On a sunny Thursday at Hopkins Marine Research Station, Stanford sophomore Claire Menke digs carefully in a four-foot hole. Within minutes her arm pops up, victoriously clutching a ceramic shard painted with a floral pattern. She adds it to a collection of artifacts reclaimed from the Chinese fishing village that occupied the Hopkins property more than a century ago: an American coin, a toothbrush handle, rice bowls, bullets and animal bones.

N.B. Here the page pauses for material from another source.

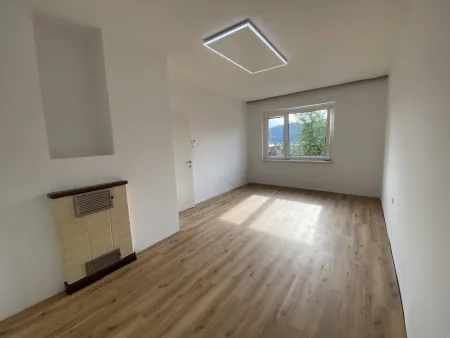 Knittelfeld Zentrum: sonnige ca 65 m2 2 Zimmer Wohnung inkl. Loggia mit schöner Aussicht!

Geraldine Low-Sabado snaps a photo of the shard, and her cousin, Rod Jone, scribbles in a notebook. Both are the great-grandchildren of Chinese fishermen who lived near the excavation site in the mid-1800s. Stanford doctoral student Bryn Williams, who is writing his dissertation on 19th-century Chinese-American communities, has invited the two descendants to participate in his five-week archaeological dig.

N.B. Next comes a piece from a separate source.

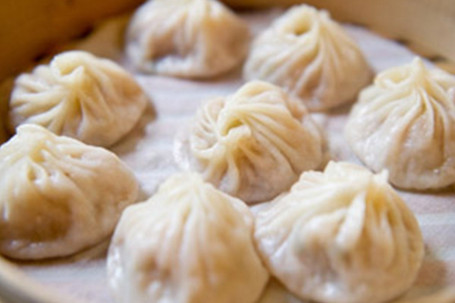 Shanghai Slew Dumplings Xiǎo Lóng Bāo (6)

“It’s very special for me to come here and sit on the rocks and imagine what life was like for my ancestors,” Low-Sabado says with a tepid smile. My eyes are drawn first to an American flag pin stuck in her red collared shirt, and then to a gold-and-opal peacock ring that she inherited from her great-grandmother, Quock Mui.
Just a few blocks away, Pacific Grove residents are decking the streets in Chinese bling of another sort. They’re preparing for the Feast of Lanterns, a century-old celebration that paints the town in distinctly Oriental hues. The festival’s organizers view the theme as innocent fun, as much an annual tradition as the salad chow-down and fireworks.
But Williams and other scholars see the festival playing to stereotypes of the Orient that more closely resemble Disney cartoons than the recorded history of the Chinese in Pacific Grove. The kindest phrase for it is ignorant romanticism.